Retimonocolpites sp. (Adapted from Llorens and Loinaze, 2015)

Charles Darwin’s fascination and frustration with the evolutionary events associated with the origin and early radiation of flowering plants are legendary. In a letter to Oswald Heer, a famous Swiss botanist, and paleontologist, Darwin wrote: “the sudden appearance of so many Dicotyledons in the Upper Chalk appears to me a most perplexing phenomenon to all who believe in any form of evolution, especially to those who believe in extremely gradual evolution, to which view I know that you are strongly opposed”. Heer discussed about the early angiosperm fossil record with Darwin, in a letter dated 1 March 1875: “if we say that the Dicotyledons begin with the Upper Cretaceous, we must still concede that this section of the vegetable kingdom, which forms the bulk of modern vegetation, appears relatively late and that, in geological terms, it underwent a substantial transformation within a brief period of time.” 

Darwin’s defense of a gradualist perspective led him to suggest that prior to the Cretaceous record of flowering plants, angiosperms had slowly evolved and diversified on a remote landmass. On 22 July 1879, in a letter to Joseph Dalton Hooker, Darwin refers to the early evolution of flowering plants as an “abominable mystery”. Nearing the end of his life, he wrote to Hooker another letter about a lost fossil record in the earliest phases of angiosperm diversification:  “Nothing is more extraordinary in the history of the Vegetable Kingdom, as it seems to me, than the apparently very sudden or abrupt development of the higher plants. I have sometimes speculated whether there did not exist somewhere during long ages an extremely isolated continent, perhaps near the South Pole.”

Letter from Charles Darwin to Joseph Dalton Hooker, written 22 July 1879 (provenance: Cambridge University Library DAR 95: 485–488)

Letter from Charles Darwin to Joseph Dalton Hooker, written 22 July 1879 (provenance: Cambridge University Library DAR 95: 485–488)

While the oldest records of the different groups of angiosperms are still in discussion, the outcrops of the Baquero Group, located in Argentinean Patagonia, contain one of the richest and most diverse Early Cretaceous floras in the Southern Hemisphere. The unit comprises three formations: Anfiteatro de Tico, Bajo Tigre and Punta del Barco. The first reports of angiosperm remains for the Anfiteatro de Tico Formation were made in 1967. The dominant types are Clavatipollenites, and Retimonocolpites.

Pollen grains  could enter into the fossil record by falling directly into swamps or lakes, or being washed into them or into the rivers and seas.

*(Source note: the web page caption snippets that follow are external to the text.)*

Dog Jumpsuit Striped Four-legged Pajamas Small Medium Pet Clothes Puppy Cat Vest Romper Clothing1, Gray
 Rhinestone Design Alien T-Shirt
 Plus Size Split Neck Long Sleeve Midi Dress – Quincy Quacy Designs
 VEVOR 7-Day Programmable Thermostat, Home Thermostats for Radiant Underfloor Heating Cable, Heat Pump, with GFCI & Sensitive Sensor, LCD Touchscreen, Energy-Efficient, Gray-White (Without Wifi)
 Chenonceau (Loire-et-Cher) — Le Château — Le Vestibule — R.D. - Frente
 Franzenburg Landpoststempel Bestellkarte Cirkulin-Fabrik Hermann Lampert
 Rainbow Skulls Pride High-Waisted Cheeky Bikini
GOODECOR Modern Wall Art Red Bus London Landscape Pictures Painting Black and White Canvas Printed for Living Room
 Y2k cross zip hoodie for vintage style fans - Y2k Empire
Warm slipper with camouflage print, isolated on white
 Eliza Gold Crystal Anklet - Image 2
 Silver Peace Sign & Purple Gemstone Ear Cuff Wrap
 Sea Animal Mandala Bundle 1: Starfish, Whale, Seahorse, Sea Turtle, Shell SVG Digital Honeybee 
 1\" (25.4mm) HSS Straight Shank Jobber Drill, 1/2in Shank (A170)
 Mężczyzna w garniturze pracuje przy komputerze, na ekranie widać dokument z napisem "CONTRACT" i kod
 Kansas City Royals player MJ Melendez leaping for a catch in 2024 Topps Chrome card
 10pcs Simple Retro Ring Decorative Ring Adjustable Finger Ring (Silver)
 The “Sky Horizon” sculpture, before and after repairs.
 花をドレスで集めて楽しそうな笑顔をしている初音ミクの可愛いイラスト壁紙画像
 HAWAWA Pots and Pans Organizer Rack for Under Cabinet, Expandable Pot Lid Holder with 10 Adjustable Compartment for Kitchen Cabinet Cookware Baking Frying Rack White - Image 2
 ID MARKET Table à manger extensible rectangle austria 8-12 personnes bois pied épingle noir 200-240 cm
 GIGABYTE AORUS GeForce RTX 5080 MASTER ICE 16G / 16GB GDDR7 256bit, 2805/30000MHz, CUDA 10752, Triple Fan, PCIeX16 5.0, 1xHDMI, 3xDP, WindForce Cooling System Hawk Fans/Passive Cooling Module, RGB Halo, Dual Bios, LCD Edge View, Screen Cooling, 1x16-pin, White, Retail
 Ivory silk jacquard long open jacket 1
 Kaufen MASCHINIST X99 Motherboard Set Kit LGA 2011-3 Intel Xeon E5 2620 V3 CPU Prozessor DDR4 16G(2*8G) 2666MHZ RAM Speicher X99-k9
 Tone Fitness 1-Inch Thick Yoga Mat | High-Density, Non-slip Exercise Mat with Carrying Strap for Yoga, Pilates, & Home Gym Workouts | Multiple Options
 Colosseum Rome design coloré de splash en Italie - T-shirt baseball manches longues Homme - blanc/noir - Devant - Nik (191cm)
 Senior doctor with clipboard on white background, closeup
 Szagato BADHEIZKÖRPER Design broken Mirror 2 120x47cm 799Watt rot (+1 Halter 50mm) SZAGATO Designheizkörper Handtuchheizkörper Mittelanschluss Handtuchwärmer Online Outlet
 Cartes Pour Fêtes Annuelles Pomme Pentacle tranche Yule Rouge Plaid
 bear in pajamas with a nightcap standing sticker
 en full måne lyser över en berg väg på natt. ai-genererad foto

The ones which are not buried in reducing sediments will tend to become oxidized and be destroyed. They reflects the ecology of their parent plants and their habitats and provide a continuous record of their evolutionary history. Gymnosperms pollen often is saccate (grains with two or three air sacs attached to the central body), while Angiosperm pollen shows more variation and covers a multitude of combinations of features: they could be  in groups of four (tetrads),  in pairs (dyads),  or single (monads). The individual grains can be inaperturate, or have one or more pores, or slit-like apertures or colpi (monocolpate, tricolpate).

pollen

Clavatipollenites sp. SEM (Adapted from Archangelsky 2013)

Clavatipollenites pollen grains are interpreted as related to the modern family Chloranthaceae. The genus was established by Couper for dispersed monosulcate pollen grains recovered from the Early Cretaceous of Britain. Currently, the genus has a very broad definition. The genus Retimonocolpites include elongated to subcircular semitectate, columellate and microreticulate pollen grains with well defined monocolpate aperture (Llorens and Loinaze, 2015). The new species Jusinghipollisticoensis sp. nov. represents one of the oldest records of trichotomosulcate, and extends the geographical distribution of Early Cretaceous trichotomosulcate pollen grains to southern South America.

The data also indicates strong similarities between the Baquero Group assemblages and other coeval units from Argentina, Australia and United States.

References:

M. Llorens, V.S. Perez Loinaze, Late Aptian angiosperm pollen grains from Patagonia: Earliest steps in flowering plant evolution at middle latitudes in southern South America, Cretaceous Research 57 (2016) 66-78

Archangelsky, S.,et al. (2009). Early angiosperm diversification: evidence from southern South America. Cretaceous Research, 30, 1073-1082.

Doyle, J. A., & Endress, P. K. (2014). Integrating Early Cretaceous fossils into the phylogeny of living Angiosperms: ANITA. Lines and relatives of Chloranthaceae. International Journal of Plant Sciences, 175, 555-560.